Lawmakers in New York decided yesterday that their state will be the next to have legal medical marijuana. There is, however, a catch:the new law will only allow the drug in non-smokable forms. That means only edibles, tinctures, and vaporizers are to be prescribed by doctors — hash, bud, and other products made of the flower itself will still be banned.
The Compassionate Care Act, as it’s known, allows doctors to prescribe medical marijuana to patients suffering from certain conditions, including AIDS, epilepsy, multiple sclerosis, cancer, and post-traumatic stress disorder. Doctors must undergo specific training, however, to be eligible to write medical marijuana prescriptions.
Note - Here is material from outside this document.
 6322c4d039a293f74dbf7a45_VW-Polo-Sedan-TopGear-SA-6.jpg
This development comes following days of negotiations between Gov. Andrew Cuomo and the bill’s sponsors, Assemblyman Richard Gottfried (D) and state Senator Diane Savino (D). The governor was the one who had reservations about allowing patients to smoke the plant, citing that he was afraid marijuana would serve as a gateway drug. Gottfried and Savino had both pushed for a less restrictive bill, but the governor’s tenacity overruled their concerns.
Gottfried has been pushing for legal medical marijuana in New York for 20 years, and described the bill’s success as a “tremendous victory,” adding that “this comprehensive, tightly-regulated legislation will bring relief to thousands of New Yorkers.”
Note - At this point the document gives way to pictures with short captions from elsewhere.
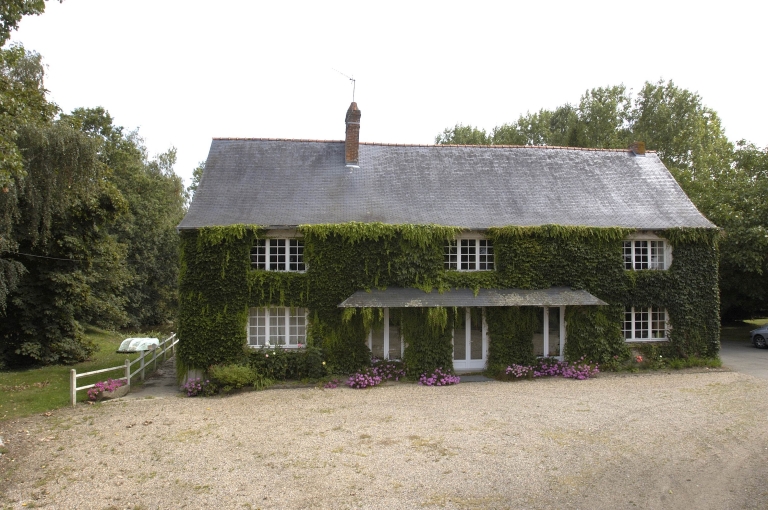 L'ancienne laiterie à gauche et le logis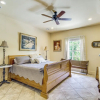 Отель Eclectic Mandeville Home: Walk to Lakefront Park, фото 4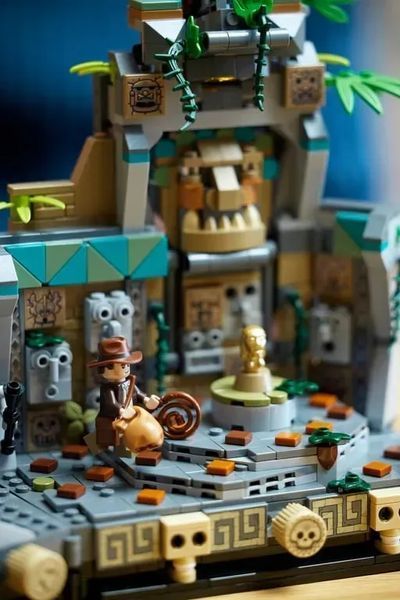 Блоковий конструктор LEGO Indiana Jones Храм Золотого Ідола (77015) 613465 фото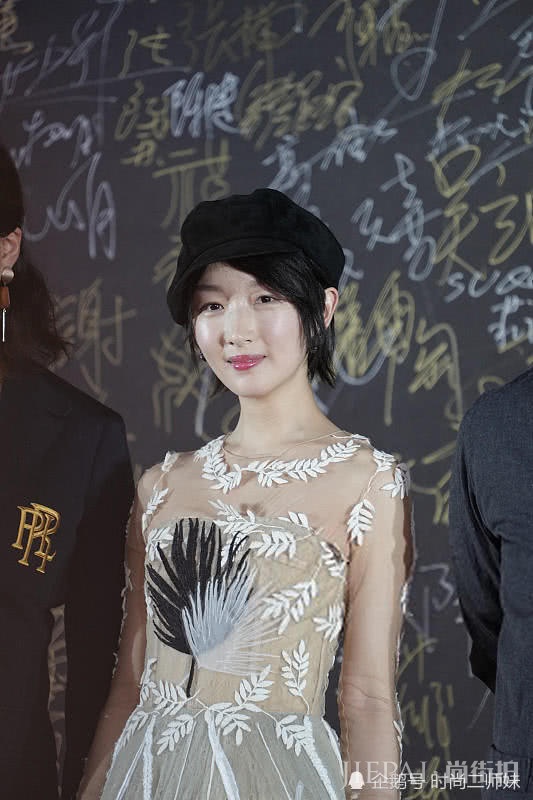 周冬雨的少女感全靠一顶帽子撑,清新气质惹人爱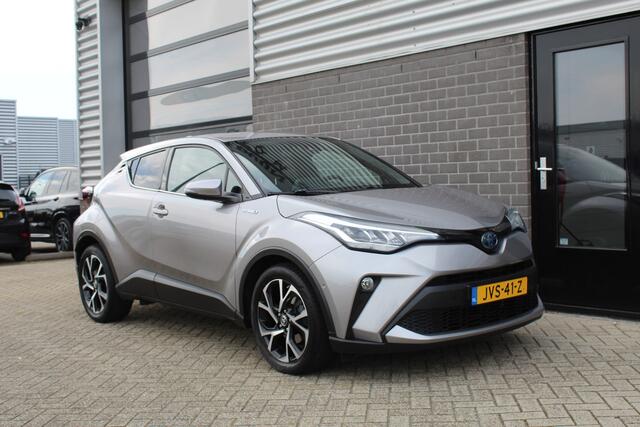 Toyota C-HR 2.0 Hybrid Style / Carplay / Stoel/stuurverwarming / Keyless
Gabriel Sayegh, the New York state director for the Drug Policy Alliance, said, “New York has finally done something significant for thousands of patients who are suffering and need relief now. They will benefit from this compromise. That said, this is not the bill we wanted.”
The statement continued:
“The cost of purchasing a vaporizer and the extract products will likely leave many low-income patients behind, and there is little research on the long-term health effects of using extracts. We know that overly restrictive programs, like New Jersey’s, can create enormous obstacles for suffering patients. We hope that the proposal being put forth today is both well regulated and flexible enough to ensure that patients who need medication get it — and get it in a timely fashion. We look forward to seeing the details and to working to ensure this is implemented as quickly as possible.”
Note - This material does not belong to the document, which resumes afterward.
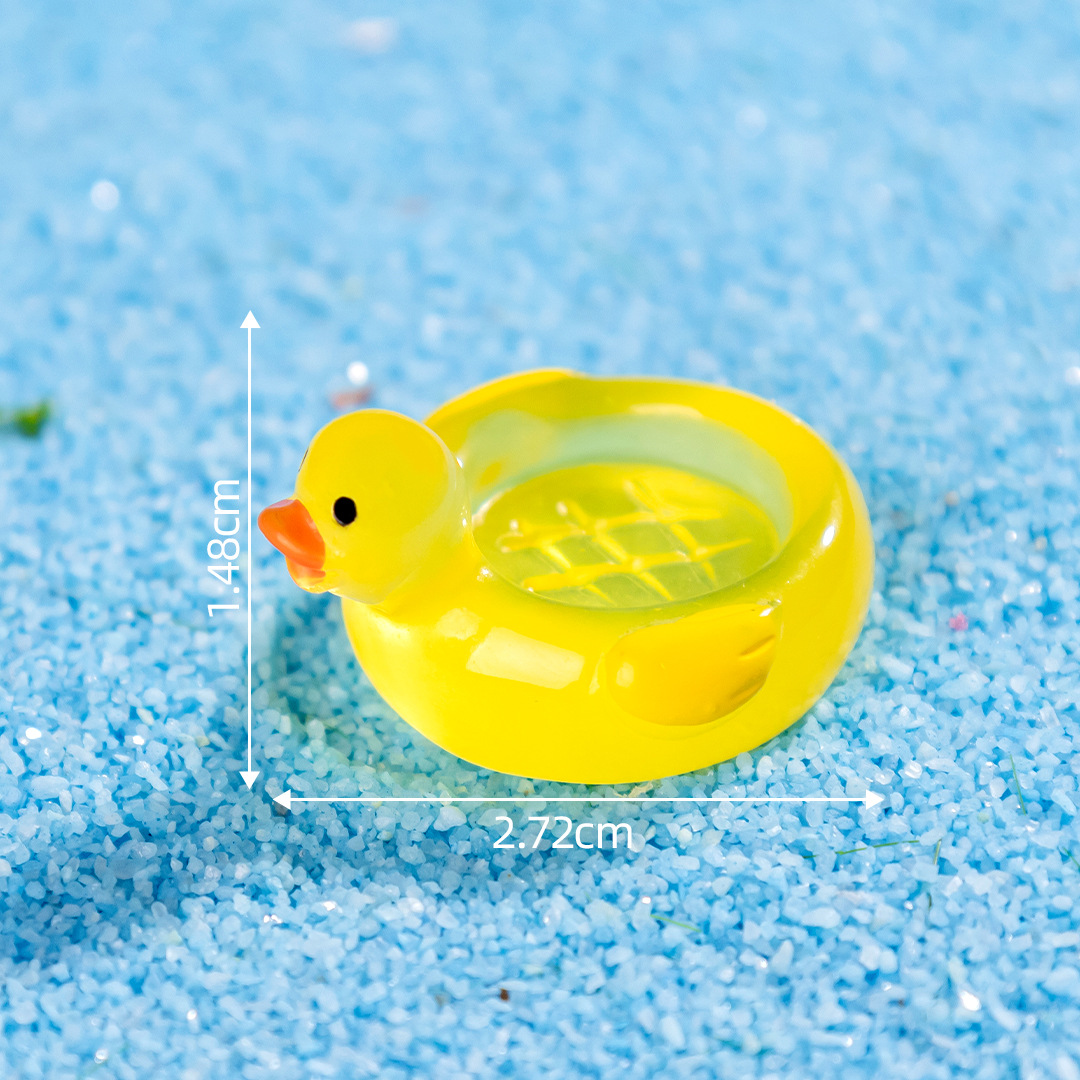 4:Luminous surface-duck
Karen O’Keefe, the director of state policy at the Marijuana Policy Project, expressed a more specific concern: “For many patients, [smoking marijuana] is the best mode of administration. Vaporizing also allows nearly immediate relief, but good vaporizers can be very expensive and difficult for some patients to use. Smoking marijuana doesn’t cause lung cancer, and the dangers of smoking marijuana pale in comparison to smoking cigarettes.”
Insurance companies will not be required to cover the costs of medical marijuana.
And finally, if any aspect of the legalization program seems to fail, the bill grants power to the governor to call the whole thing off at any point.